Chen Wei-Ming




Chen Wei-Ming founded the Tai Chi Chuan school called Zhi-Rou Quan She (The Soft and Gentle Boxing Club) in 1925. Chen Wei-Ming was himself a senior student of Yang Cheng-Fu, the founder of the Yang school of Tai Chi Chuan . Chen Wei-Ming also taught Tai Chi in Shanghai in the 1930's and 40's before the revolution.

In 1925, Yang Cheng-Fu asked Chen Wei-Ming, to write a book entitled "Tai Chi Chuan", with detailed captions to Yang Cheng-Fu's pictures as illustrations. In 1931, Yang had all the pictures retaken and compiled into "The Methods of Taijiquan", which was revised two years later into "A Complete Book of Tai Chi Chuan".

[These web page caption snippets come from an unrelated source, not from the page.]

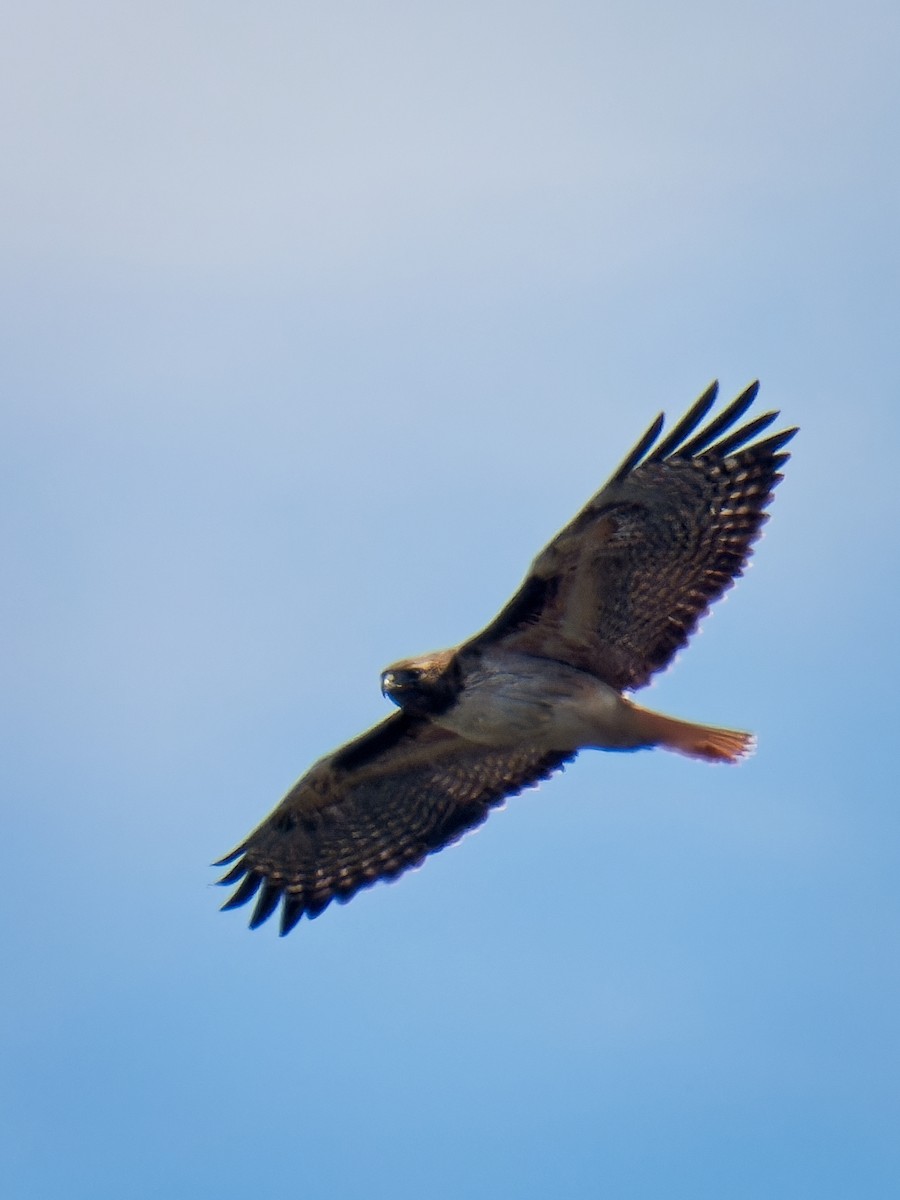 Red-tailed Hawk - Jeffrey Hale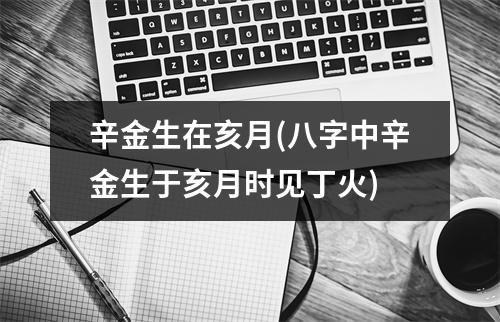 辛金生在亥月(八字中辛金生于亥月时见丁火)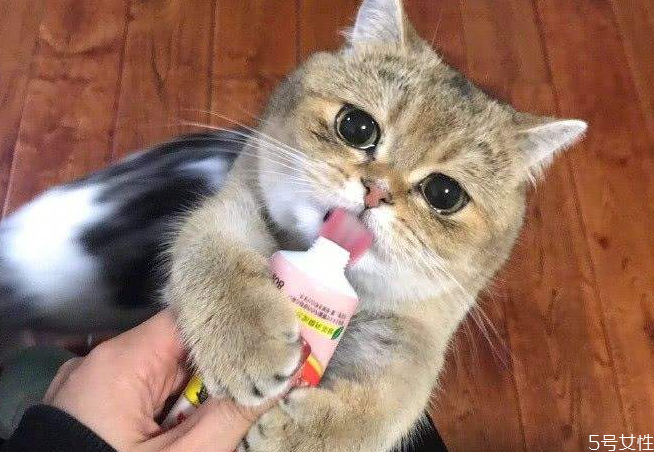 貓營養(yǎng)膏多久喂一次 貓營養(yǎng)膏吃多了會怎樣 貓營養(yǎng)膏多久喂一次 貓營養(yǎng)膏吃多了會怎樣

Chen Wei-Ming was also allowed to author the book "Tai Chi Chuan Ta Wen", considered by most to be a modern classic in Tai Chi Chuan literature. This favorite pupil of Yang Cheng-Fu wrote three books on behalf of his teacher, whose desire it was to make Tai Chi Chuan more well-known to the public at large at the beginning of the last century. The third book written by Chen was "The Form of Tai Chi Chuan" (Taijiquan Shu, 1925).

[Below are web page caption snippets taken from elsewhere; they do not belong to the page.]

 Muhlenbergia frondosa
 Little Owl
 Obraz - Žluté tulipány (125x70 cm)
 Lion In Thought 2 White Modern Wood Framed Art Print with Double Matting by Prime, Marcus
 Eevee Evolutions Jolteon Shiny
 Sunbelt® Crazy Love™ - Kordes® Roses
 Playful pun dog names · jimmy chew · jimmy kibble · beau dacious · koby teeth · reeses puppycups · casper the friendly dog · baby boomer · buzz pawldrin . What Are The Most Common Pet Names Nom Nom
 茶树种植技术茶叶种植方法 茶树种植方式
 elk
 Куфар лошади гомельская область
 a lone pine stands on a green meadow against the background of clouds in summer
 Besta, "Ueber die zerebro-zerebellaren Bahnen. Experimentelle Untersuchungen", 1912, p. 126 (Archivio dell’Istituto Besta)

"Tai Chi Sword and Other Writings" (1927) dedicates itself with texts and photos of the Tai Chi Sword form, as he learned from teacher Yang Cheng-Fu. The text is almost entirely a pure description of the individual movements of the sword form and probably originally served as a reminder to the pupils. We know, all too well, that even the most extensive texts and detailed designs and photos cannot replace a teacher, and thus the information in the available text is purely technical and contains nothing new about the form.

Chen went to Canton to represented his teacher to teach the southerners the Yang style of Tai Chi. Grandmaster Doc-Fai Wong's teacher, Hu Yuen-Chou studied with him for three years before Chen Wei-Ming returned to Shanghai and sent his teacher Yang Cheng-Fu to Canton to teach Hu Yuen-Chou and the other students the advanced level Tai Chi Chuan forms and Push Hands principles.